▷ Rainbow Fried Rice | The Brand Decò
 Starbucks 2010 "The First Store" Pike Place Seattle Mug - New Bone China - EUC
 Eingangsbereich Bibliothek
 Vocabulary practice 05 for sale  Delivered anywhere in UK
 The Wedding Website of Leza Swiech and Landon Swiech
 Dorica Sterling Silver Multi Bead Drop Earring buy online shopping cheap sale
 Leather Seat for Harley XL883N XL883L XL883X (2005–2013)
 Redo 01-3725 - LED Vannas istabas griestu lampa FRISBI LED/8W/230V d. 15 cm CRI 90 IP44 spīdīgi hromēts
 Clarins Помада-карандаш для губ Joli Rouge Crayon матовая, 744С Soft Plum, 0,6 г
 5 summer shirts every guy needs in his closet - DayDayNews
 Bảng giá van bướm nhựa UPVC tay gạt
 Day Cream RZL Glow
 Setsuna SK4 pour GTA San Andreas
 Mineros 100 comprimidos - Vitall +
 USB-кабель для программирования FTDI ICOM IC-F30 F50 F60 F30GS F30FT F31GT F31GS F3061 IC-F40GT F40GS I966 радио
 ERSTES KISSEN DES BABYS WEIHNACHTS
- - - - - - -
Exercise details: Lines from the one containing "Bảng giá van bướm nhựa UPVC tay gạt" through the last line of the records, restated word for word: that is the whole response.

Result below:
 Bảng giá van bướm nhựa UPVC tay gạt
 Day Cream RZL Glow
 Setsuna SK4 pour GTA San Andreas
 Mineros 100 comprimidos - Vitall +
 USB-кабель для программирования FTDI ICOM IC-F30 F50 F60 F30GS F30FT F31GT F31GS F3061 IC-F40GT F40GS I966 радио
 ERSTES KISSEN DES BABYS WEIHNACHTS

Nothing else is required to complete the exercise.